L'OPC a fait savoir hier que General Mills Canada s'est reconnu coupable, le 6 février, d'avoir produit de la publicité destinée aux moins de 13 ans. C'est le site canadien des céréales Lucky Charms, disparu de la Toile depuis le dépôt d'une plainte en décembre 2007, qui posait problème. Des jeux destinés aux jeunes enfants «comportaient des messages publicitaires à but commercial», dit le communiqué de presse.

Jean-Jacques Préaux, porte-parole de l'OPC, explique que les enfants devaient faire avancer le farfadet emblématique de Lucky Charms sur un parcours rempli de formes géométriques ressemblant à s'y méprendre aux céréales. La boîte invitait les enfants à se rendre sur le site internet et ce site invitait les enfants à acheter les céréales, précise M. Préaux. La version américaine promet d'ailleurs des «vies» supplémentaires pour le petit bonhomme en échange d'un code spécial trouvé sur l'emballage. Les procureurs de l'OPC ont jugé que c'en était trop.

La reconnaissance de culpabilité enregistrée par General Mills met fin aux procédures judiciaires. La multinationale écope d'une amende de 2000 $ en plus des frais de 500 $. C'est le minimum prévu par la loi. Mais tant du côté de l'OPC que de la Coalition québécoise sur la problématique du poids, qui avait déposé la plainte, c'est le précédent et non le montant qui compte.

«Nous sommes très heureux parce que c'est la première fois que le web est considéré comme support de la publicité faite aux enfants», se réjouissait hier Suzie Pellerin, directrice de la Coalition Poids, qui lutte contre l'épidémie d'obésité au Québec. Selon elle, l'atteinte à la réputation du contrevenant devrait décourager d'autres entreprises alimentaires de cibler les petits consommateurs.

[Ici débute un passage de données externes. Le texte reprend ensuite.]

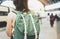 Enjoying travel. Young woman waiting on the station platform with backpack on background electric train. Tourist plan route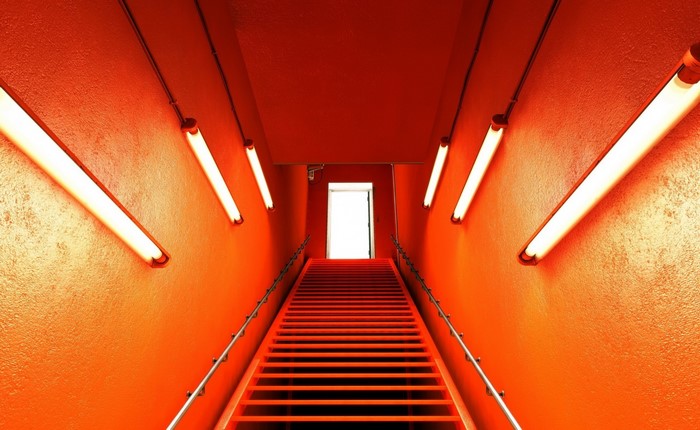 Orange hallway with fluorescent lights and stairs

Christian Desilets, professeur de communication à l'Université Laval et ex-publicitaire, confirme que les sites internet identifiés à une marque sont des publicités, qu'ils invitent clairement les visiteurs à acheter leurs produits ou non. «Il n'y a pas un publicitaire digne de ce nom qui vous dira le contraire, insiste-t-il.

Plus un individu va passer du temps à interagir avec une marque, plus il va devenir un fidèle de cette marque et la favoriser jusque dans le processus d'achat», ajoute l'universitaire. La fréquentation de sites internet corporatifs par les enfants est donc très avantageuse pour les entreprises. D'autant que les enfants ont une influence marquée sur les achats de la famille.

M. Desilets estime donc qu'il est «impensable» que les multinationales cessent toute publicité sur l'internet. Elles pourraient plutôt oublier le marché du Québec, peu important à l'échelle nord-américaine, et y distribuer leurs produits sans les soutenir par des campagnes en bonne et due forme.

Il y a un mois, Saputo s'est aussi avouée coupable d'avoir produit de la publicité destinée aux enfants en moussant les ventes de ses gâteaux Igor dans les Centres de la petite enfance. La firme qui a orchestré la campagne fait encore face à des accusations, tout comme les géants Burger King et McDonald's, dénoncés par la Coalition Poids pour leurs jouets promotionnels et la commandite de Ciné-cadeau.